L’espressione è stata usata da un consulente finanziario in un focus group in preparazione della ricerca che è stata presentata da Finer, di Nicola Ronchetti, all’Efpa Meeting 2023 (l’Efpa è un ente di certificazione della formazione dei consulenti finanziari, presieduta da Marco Deroma) tenutosi a Firenze nei giorni scorsi.

E dà bene l’idea di come i consulenti si approccino al tema dell’intelligenza artificiale: con grandi aspettative e con qualche preoccupazione. Ma anche una certezza, che il “domani” dell’intelligenza artificiale, è già oggi.

Servizi a maggiore valore aggiunto

«Emerge in modo molto chiaro che l’intelligenza artificiale non sostituisce il rapporto tra consulente e cliente, ma permette di fornire servizi a maggiore valore aggiunto – spiega Ronchetti -. I professionisti con grandi portafogli e gli investitori private sono sicuramente i soggetti che in questo momento fanno da apripista sull’uso dell’intelligenza artificiale».

Il tempo e la gestione dei costi sono gli elementi percepiti come più importanti. «L’intelligenza artificiale consentirà sicuramente di rendere più veloci tutti i processi – aggiunge Ronchetti -, soprattutto per l’individuazione dei bisogni dei clienti, esaminando in tempi brevissimi quantità enormi di dati, per offrire proposte mirate».

Secondo Ronchetti l’intelligenza artificiale, come tutte le invenzioni importanti a partire da quella della ruota, renderà tutto molto più veloce e consentirà grandi vantaggi competitivi ai primi che la sapranno adottare anche nel settore della consulenza finanziaria.

Previsioni di utilizzo

Il futuro però per clienti e consulenti non è qualcosa di là da venire, è già adesso, anche perché le reti e le banche più importanti del nostro Paese stanno già utilizzando l’Ai.

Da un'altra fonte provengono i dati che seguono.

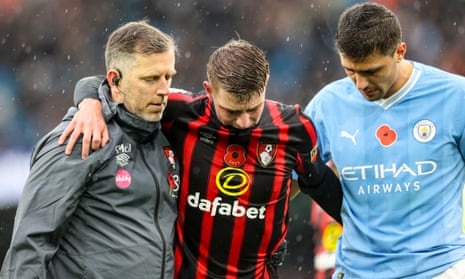 Alex Scott of Bournemouth (centre) was injured at Manchester City last month. Rodri is on the right.
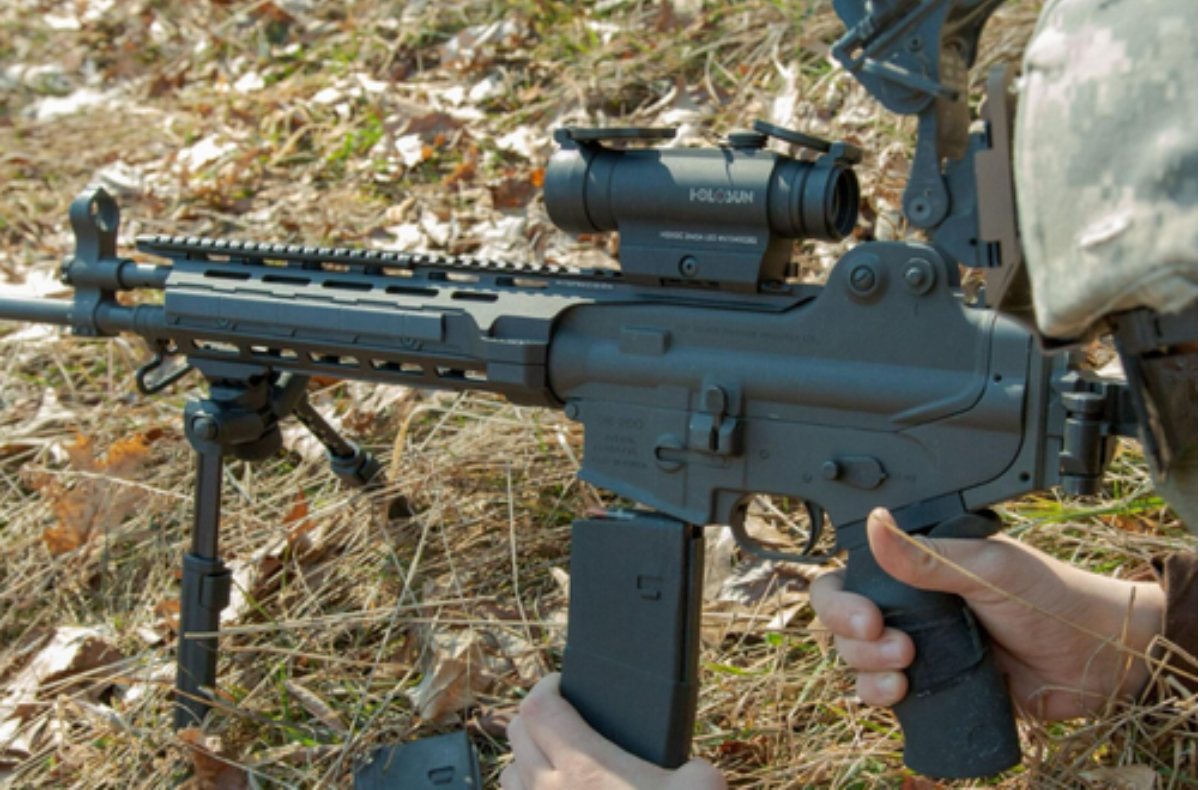 A soldier with his AR15, with Holosun sight, sitting on the bipod changing out Magpul magazines.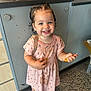Jayley joined the competition — help win amazing prizes! toddler, child, smiling, indoor, pink_dress, purple_shoes, pigtails, carpet, cabinet, holding, happy, cute, person, floor, clothing, hair, footwear, playful, young_child, standing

E dall’analisi Finer emerge che una buona fetta di professionisti e di investitori vede un impatto dell’Ai già nei prossimi due o tre anni, anche se la maggioranza è più convinta che ciò avverrà più verosimilmente tra i prossimi 5-10 anni.

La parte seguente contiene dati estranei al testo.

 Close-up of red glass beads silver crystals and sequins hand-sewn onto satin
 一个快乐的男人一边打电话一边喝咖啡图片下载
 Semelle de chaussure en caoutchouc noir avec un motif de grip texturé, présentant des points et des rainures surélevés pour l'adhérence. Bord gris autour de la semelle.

I dati della ricerca Finer

La ricerca ha individuato dunque come trend setter professionisti con maggiori portafogli, investitori under 30anni e investitori private/Hnwi (High Net Worth Individual, ovvero individui ad alto patrimonio netto).

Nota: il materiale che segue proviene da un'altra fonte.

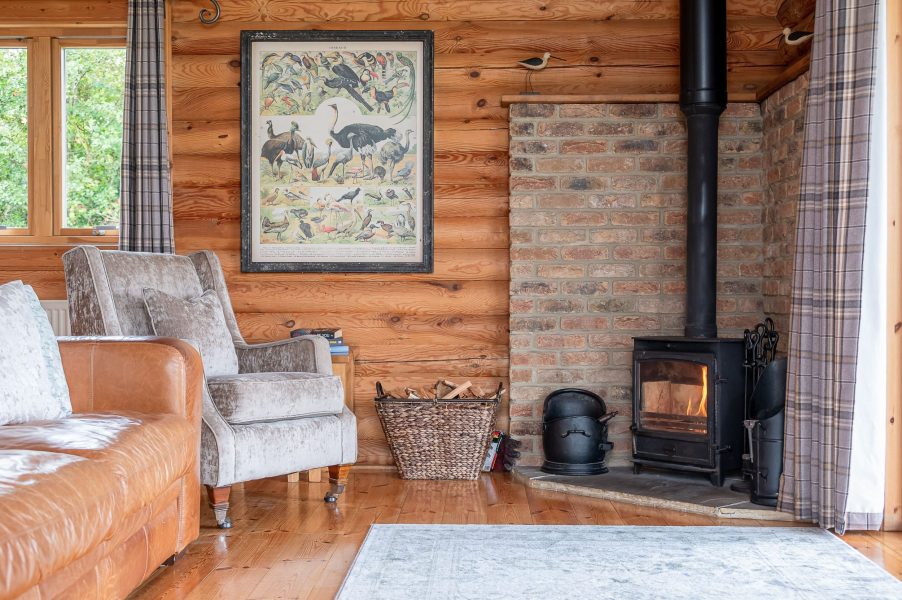 Cosy log burner in Lillie lodge with log cabin interiors.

Si tratta anche dei soggetti che conoscono meglio l’intelligenza artificiale, in un contesto in cui tra professionisti e clienti la percentuale si aggira intorno al 15 per cento.

Mentre i professionisti utilizzano l’intelligenza artificiale soprattutto per ricerche generiche, gli investitori cercano con una certa attenzione anche dati relativi agli investimenti finanziari.

Anzi è la voce più gettonata per investitori finali e per la loro componente private/Hnwi. Mentre gli under30 la utilizzano soprattutto per generare testi.

Il nodo della spersonalizzazione dei rapporti

La buona notizia per i professionisti è che anche i più giovani, gli under 30 nel 59 per cento dei casi vogliono avere a che fare con un consulente in carne ed ossa.

«L’idea dell’avatar che gestisce le relazioni con il cliente – spiega Ronchetti – è sicuramente qualcosa che non attrae neanche i giovani».

Anzi uno dei problemi maggiori legati all’intelligenza artificiale è proprio quello della spersonalizzazione dei rapporti, sia per i professionisti che per i clienti in generale. Per gli under 30 questo problema c’è, ma viene visto come rischio maggiore quello di una omologazione dell’offerta.